Ernest Hemingway wrote to his friend Archibald MacLeish, who was campaigning for Pound’s release: “Thanks for sending the stats of Ezra’s rantings. He is obviously crazy. I think you might prove he was crazy as far back as the latter Cantos. He deserves punishment and disgrace but what he really deserves most is ridicule. He should not be hanged and he should not be made a martyr of. He has a long history of generosity and unselfish aid to other artists and he is one of the greatest living poets. It is impossible to believe that anyone in his right mind could utter the vile, absolutely idiotic drivel he has broadcast. His friends who knew him and who watched the warping and twisting and decay of his mind and his judgement should defend him and explain him on that basis. It will be a completely unpopular but an absolutely necessary thing to do.”
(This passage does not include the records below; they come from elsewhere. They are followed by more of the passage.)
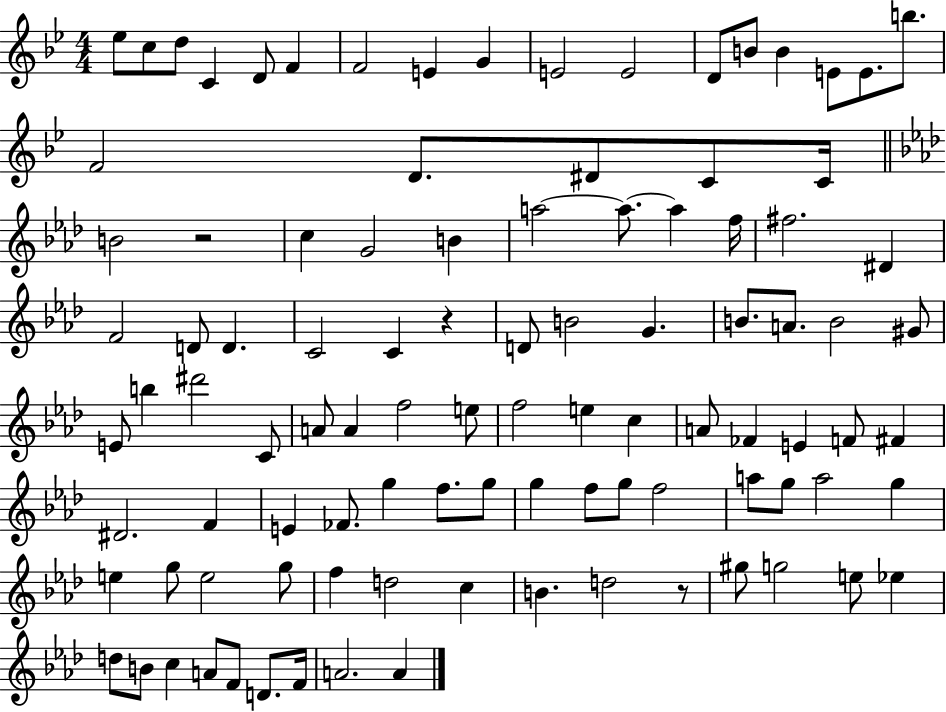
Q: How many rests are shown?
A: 3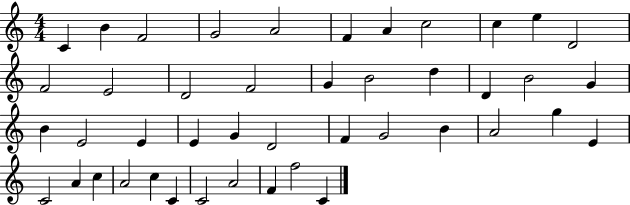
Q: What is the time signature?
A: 4/4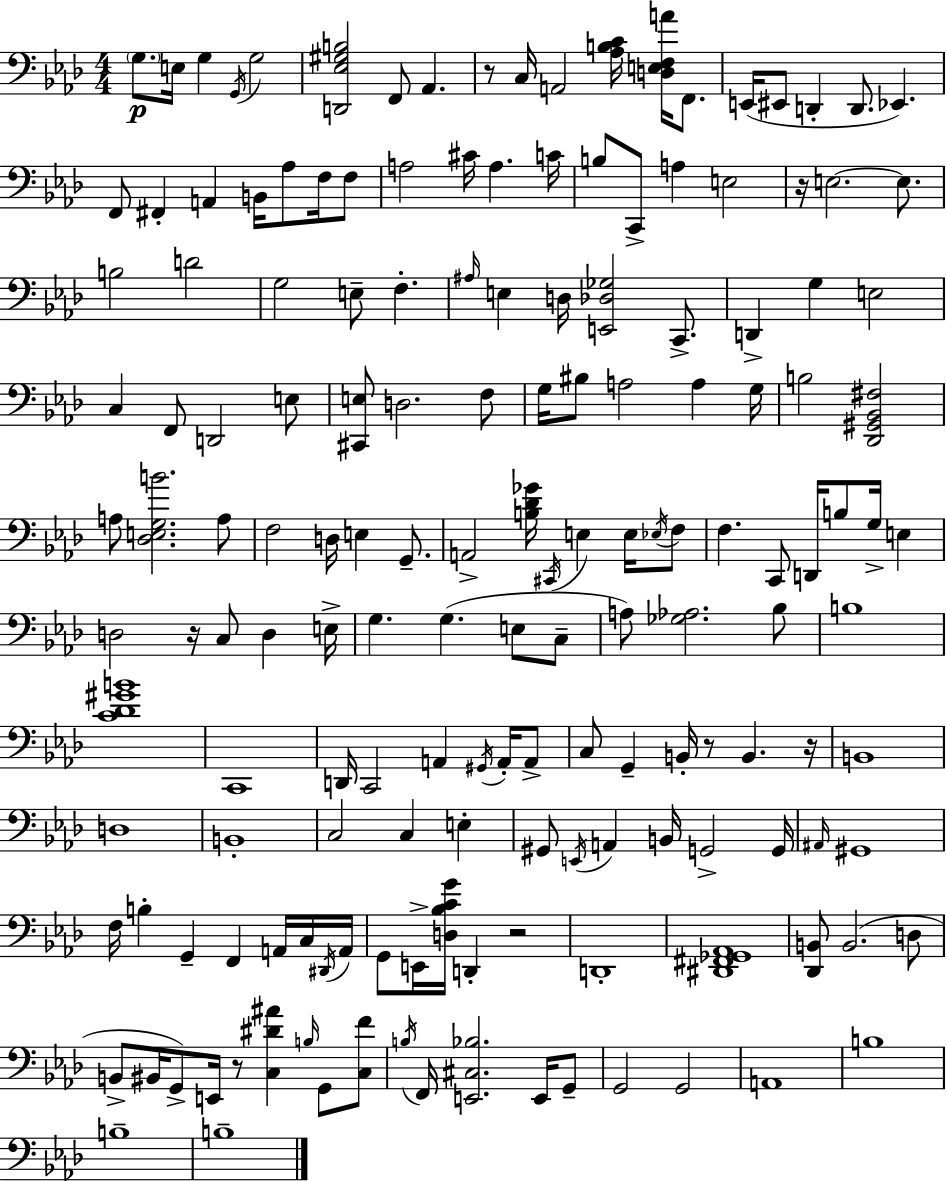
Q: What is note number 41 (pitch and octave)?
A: C2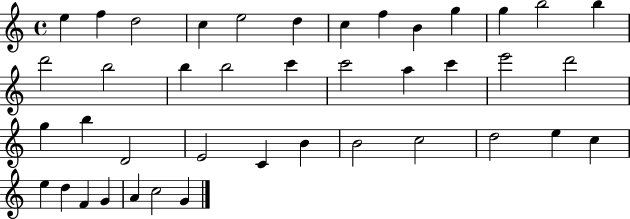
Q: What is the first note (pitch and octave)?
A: E5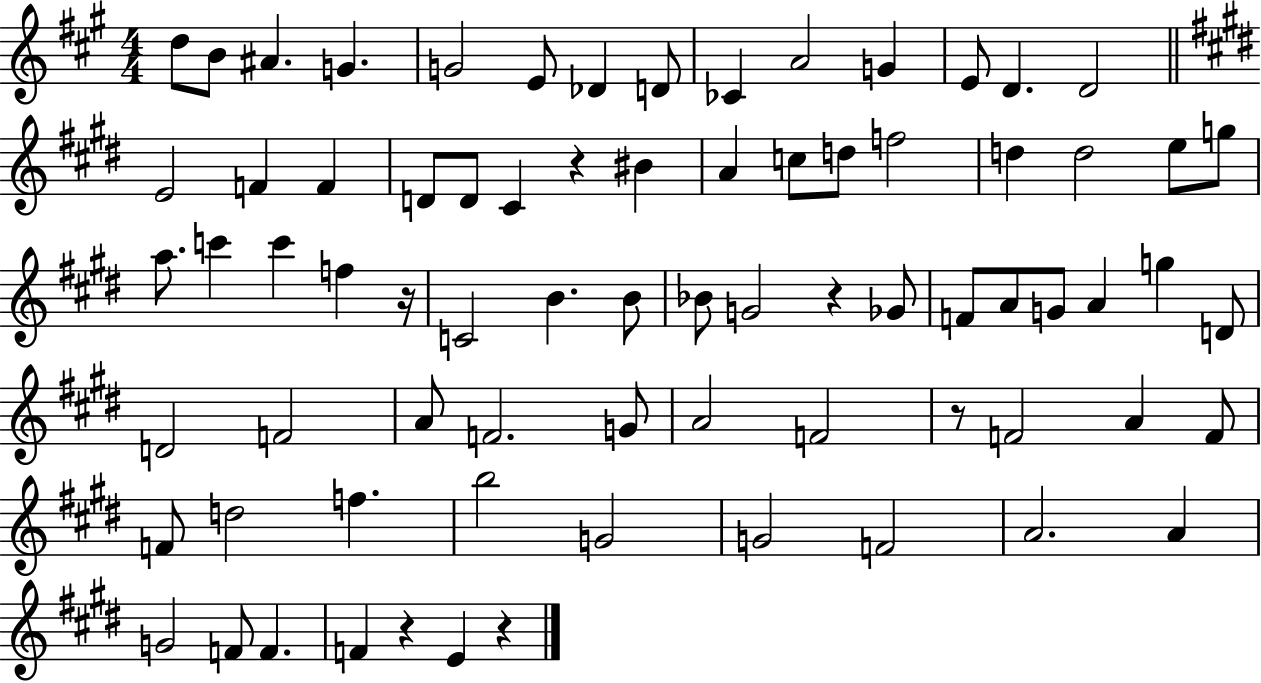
{
  \clef treble
  \numericTimeSignature
  \time 4/4
  \key a \major
  d''8 b'8 ais'4. g'4. | g'2 e'8 des'4 d'8 | ces'4 a'2 g'4 | e'8 d'4. d'2 | \break \bar "||" \break \key e \major e'2 f'4 f'4 | d'8 d'8 cis'4 r4 bis'4 | a'4 c''8 d''8 f''2 | d''4 d''2 e''8 g''8 | \break a''8. c'''4 c'''4 f''4 r16 | c'2 b'4. b'8 | bes'8 g'2 r4 ges'8 | f'8 a'8 g'8 a'4 g''4 d'8 | \break d'2 f'2 | a'8 f'2. g'8 | a'2 f'2 | r8 f'2 a'4 f'8 | \break f'8 d''2 f''4. | b''2 g'2 | g'2 f'2 | a'2. a'4 | \break g'2 f'8 f'4. | f'4 r4 e'4 r4 | \bar "|."
}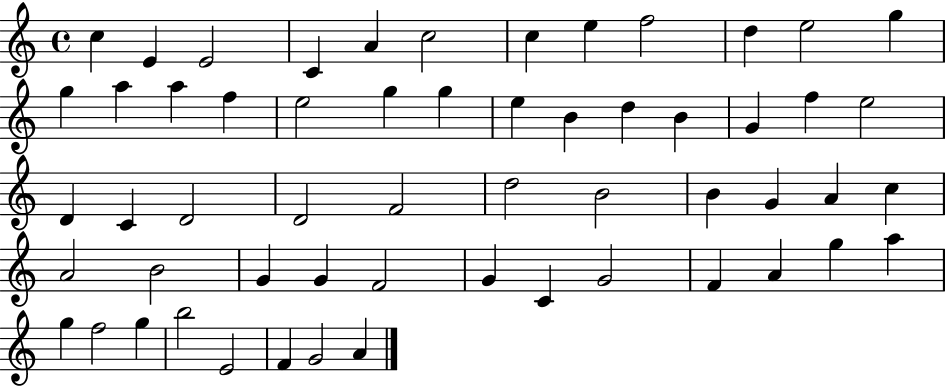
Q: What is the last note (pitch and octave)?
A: A4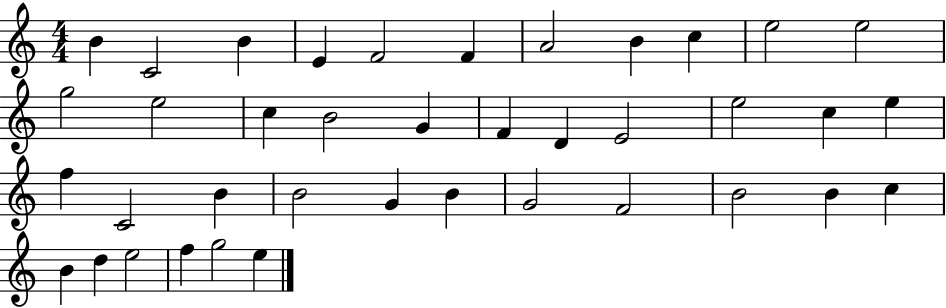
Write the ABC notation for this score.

X:1
T:Untitled
M:4/4
L:1/4
K:C
B C2 B E F2 F A2 B c e2 e2 g2 e2 c B2 G F D E2 e2 c e f C2 B B2 G B G2 F2 B2 B c B d e2 f g2 e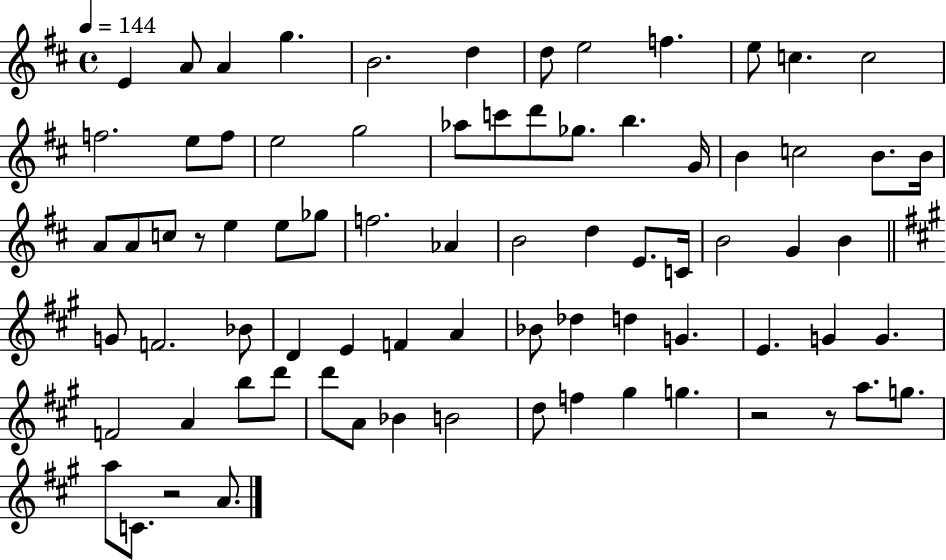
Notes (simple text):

E4/q A4/e A4/q G5/q. B4/h. D5/q D5/e E5/h F5/q. E5/e C5/q. C5/h F5/h. E5/e F5/e E5/h G5/h Ab5/e C6/e D6/e Gb5/e. B5/q. G4/s B4/q C5/h B4/e. B4/s A4/e A4/e C5/e R/e E5/q E5/e Gb5/e F5/h. Ab4/q B4/h D5/q E4/e. C4/s B4/h G4/q B4/q G4/e F4/h. Bb4/e D4/q E4/q F4/q A4/q Bb4/e Db5/q D5/q G4/q. E4/q. G4/q G4/q. F4/h A4/q B5/e D6/e D6/e A4/e Bb4/q B4/h D5/e F5/q G#5/q G5/q. R/h R/e A5/e. G5/e. A5/e C4/e. R/h A4/e.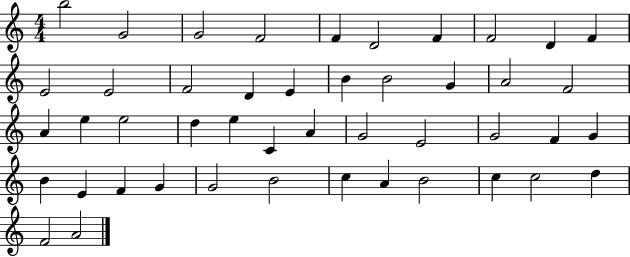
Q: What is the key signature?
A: C major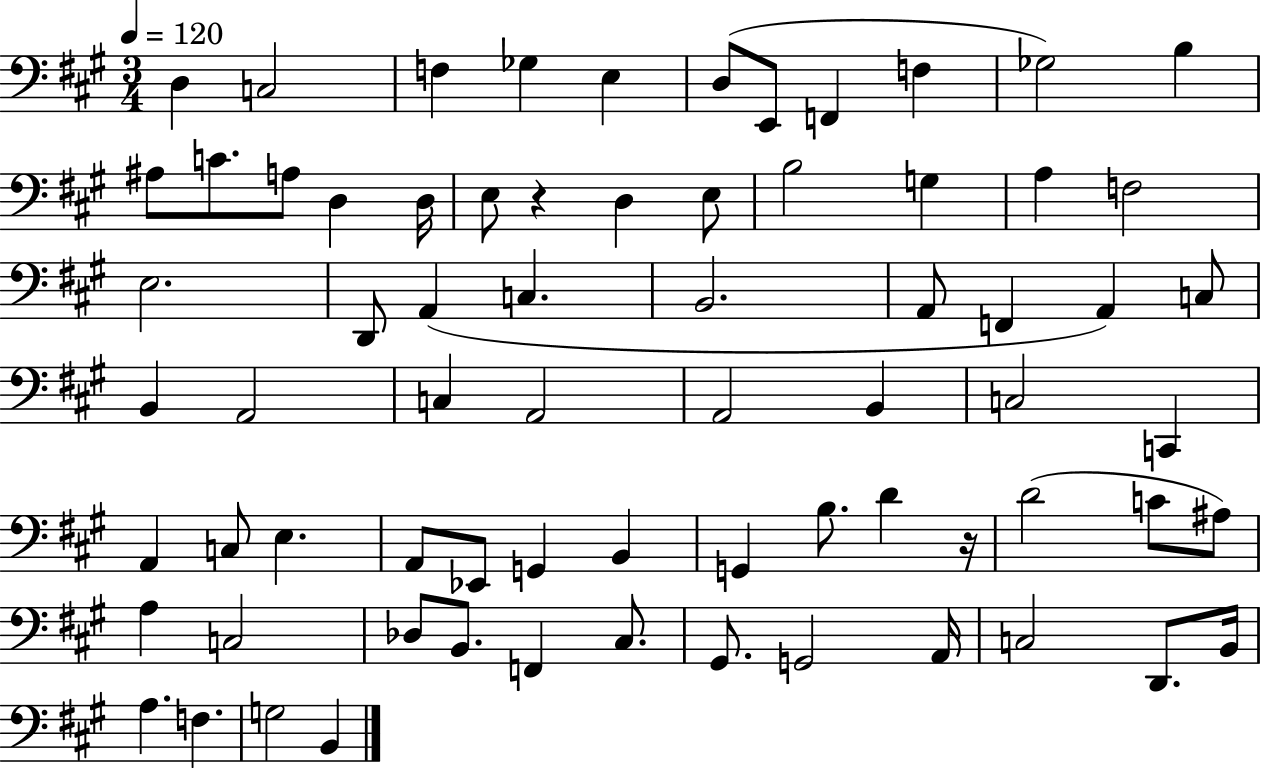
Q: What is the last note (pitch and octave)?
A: B2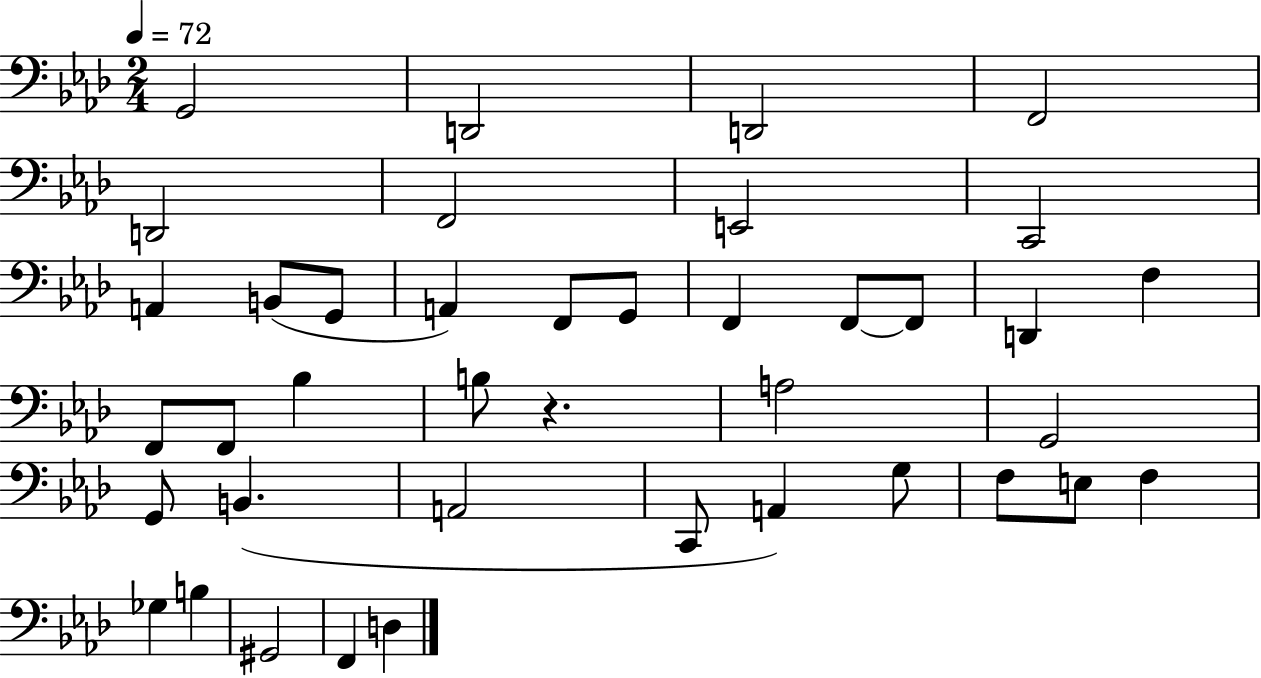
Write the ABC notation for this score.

X:1
T:Untitled
M:2/4
L:1/4
K:Ab
G,,2 D,,2 D,,2 F,,2 D,,2 F,,2 E,,2 C,,2 A,, B,,/2 G,,/2 A,, F,,/2 G,,/2 F,, F,,/2 F,,/2 D,, F, F,,/2 F,,/2 _B, B,/2 z A,2 G,,2 G,,/2 B,, A,,2 C,,/2 A,, G,/2 F,/2 E,/2 F, _G, B, ^G,,2 F,, D,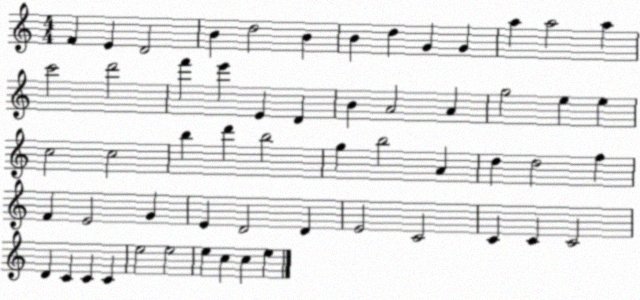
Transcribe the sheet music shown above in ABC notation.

X:1
T:Untitled
M:4/4
L:1/4
K:C
F E D2 B d2 B B d G G a a2 a c'2 d'2 f' e' E D B A2 A g2 e e c2 c2 b d' b2 g b2 A d d2 f F E2 G E D2 D E2 C2 C C C2 D C C C e2 e2 e c c e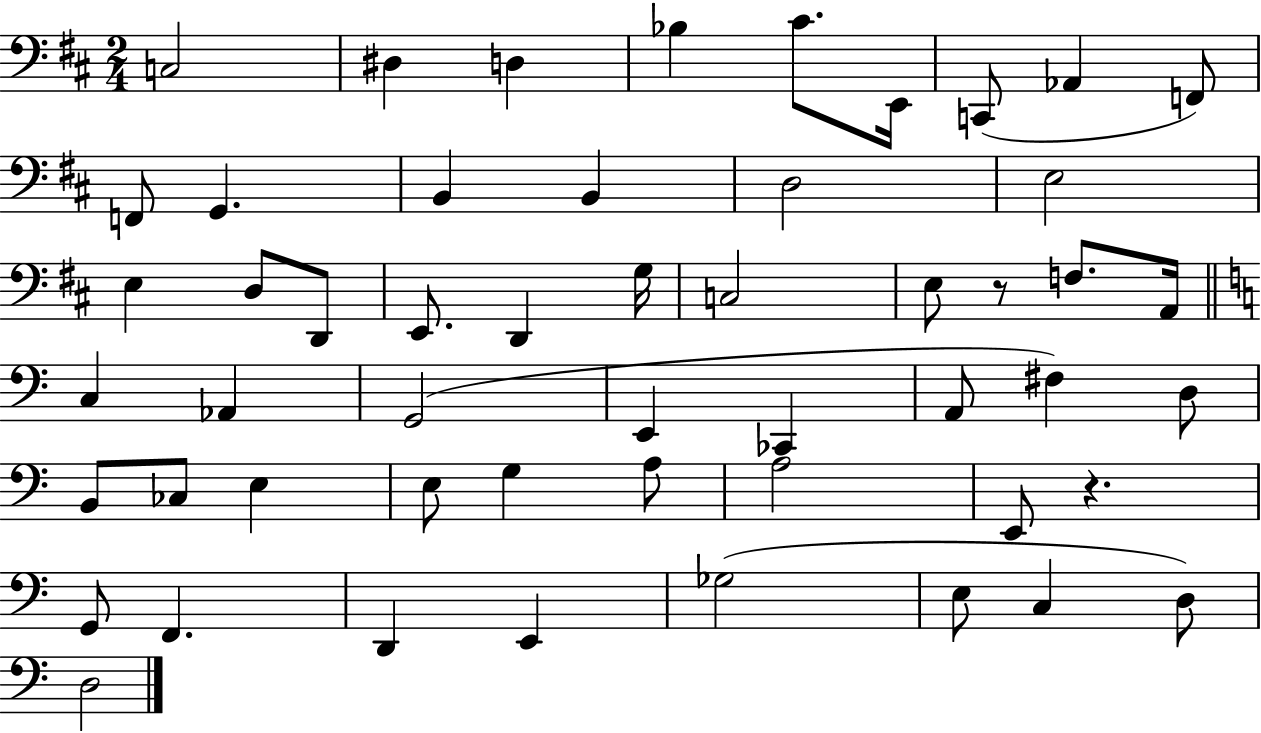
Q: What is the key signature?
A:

Writers and the media pressured the government to release Pound, and on April 14th, 1958, a motion was filed for dismissal of Pound’s indictment. Among the statements was one by Robert Frost, who wrote: “None of us can bear the disgrace of our letting Ezra Pound come to his end where he is. It would leave too woeful a story in American literature.” On this day in 1958, the government agreed to dismiss the indictment against Pound, and the 72-year-old poet was released. He returned to Italy, where he spent the rest of his life.